# Open Source Streamflow Generator Part I: Synthetic Generation

This post describes how to use the Kirsch-Nowak synthetic streamflow generator to generate synthetic streamflow ensembles for water systems analysis. As Jon Lamontagne discussed in his introduction to synthetic streamflow generation, generating synthetic hydrology for water systems models allows us to stress-test alternative management plans under stochastic realizations outside of those observed in the historical record. These realizations may be generated assuming stationary or non-stationary models. In a few recent papers from our group applied to the Red River and Lower Susquehanna River Basins (Giuliani et al., 2017; Quinn et al., 2017; Zatarain Salazar et al., In Revision), we’ve generated stationary streamflow ensembles by combining methods from Kirsch et al. (2013) and Nowak et al. (2010). We use the method of Kirsch et al. (2013) to generate flows on a monthly time step and the method of Nowak et al. (2010) to disaggregate these monthly flows to a daily time step. The code for this streamflow generator, written by Matteo Giuliani, Jon Herman and me, is now available on Github. Here I’ll walk through how to use the MATLAB code in the subdirectory /stationary_generator to generate correlated synthetic hydrology at multiple sites, and in Part II I’ll show how to use the Python code in the subdirectory /validation to statistically validate the synthetic hydrology. As an example, I’ll use the Lower Susquehanna River Basin (LSRB).

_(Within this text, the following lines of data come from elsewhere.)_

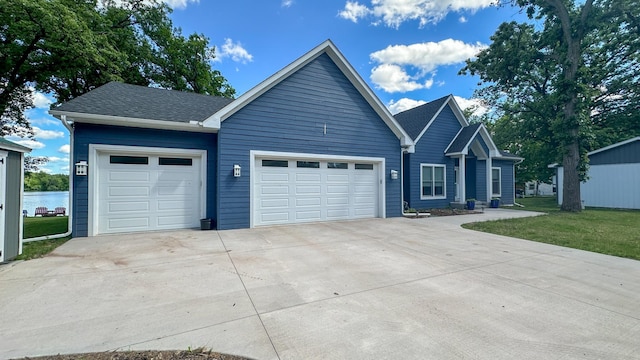 view of front of property with a garage and a front lawn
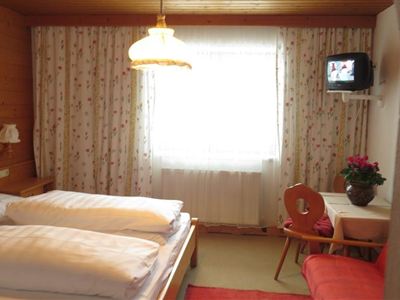 A cozy bedroom with two beds and wooden walls. There is a table, a chair, and a television in the room.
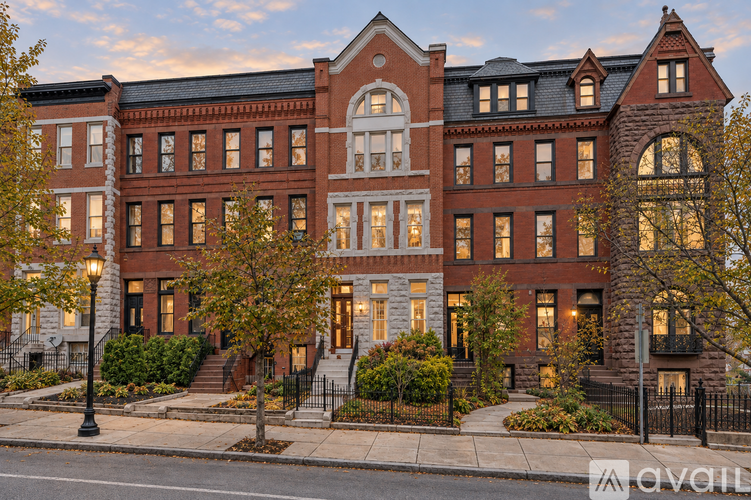 A large red brick building with a black fence in front.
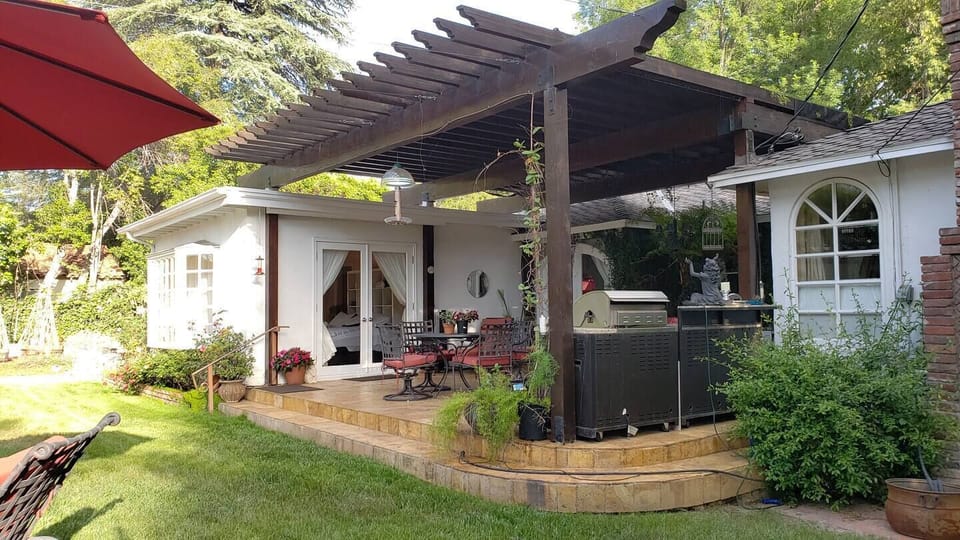 Studio with own French doors opening onto  shared stone patio with firepit,BBQ,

A schematic of the LSRB, reproduced from Giuliani et al. (2014) is provided below. The system consists of two reservoirs: Conowingo and Muddy Run. For the system model, we generate synthetic hydrology upstream of the Conowingo Dam at the Marietta gauge (USGS station 01576000), as well as lateral inflows between Marietta and Conowingo, inflows to Muddy Run and evaporation rates over Conowingo and Muddy Run dams. The historical hydrology on which the synthetic hydrologic model is based consists of the historical record at the Marietta gauge from 1932-2001 and simulated flows and evaporation rates at all other sites over the same time frame generated by an OASIS system model. The historical data for the system can be found here.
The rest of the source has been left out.